Distributed solution methods for MPC based energy management method of interconnected microgrids: Dual ascent vs ADMM
Viet Hoang Pham, Hyo-Sung Ahn
TL;DR
This work tackles MPC based energy management for networks of interconnected microgrids under forecast uncertainty. It develops two distributed solvers, a dual ascent gradient projection method and a proximal ADMM approach, enabling each microgrid to compute its own control actions using only local information and neighbor communication. The uncertainty is addressed via a chance constraint reformulation that yields deterministic bounds using the predicted mean and variance of demands and capacities. Numerical tests on a modified IEEE 30-bus network demonstrate convergence to the optimal solution with favorable scalability, highlighting the methods’ suitability for real time, distributed energy management in resilient microgrid architectures.
Abstract
This paper considers an optimal energy management problem for a network of interconnected microgrids.

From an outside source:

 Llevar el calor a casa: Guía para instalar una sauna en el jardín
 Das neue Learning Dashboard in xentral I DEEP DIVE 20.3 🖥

A model predictive control (MPC) approach is used to avoid capacity constraint violation and to cope with uncertainties of forecasted power demands. By employing a dual ascent method and a proximal alternative direction multiplier method (ADMM), respectively, two distributed methods are designed to allow every agent using only local information to determine its own optimal control decisions. The effectiveness of the proposed method is verified via numerical simulations.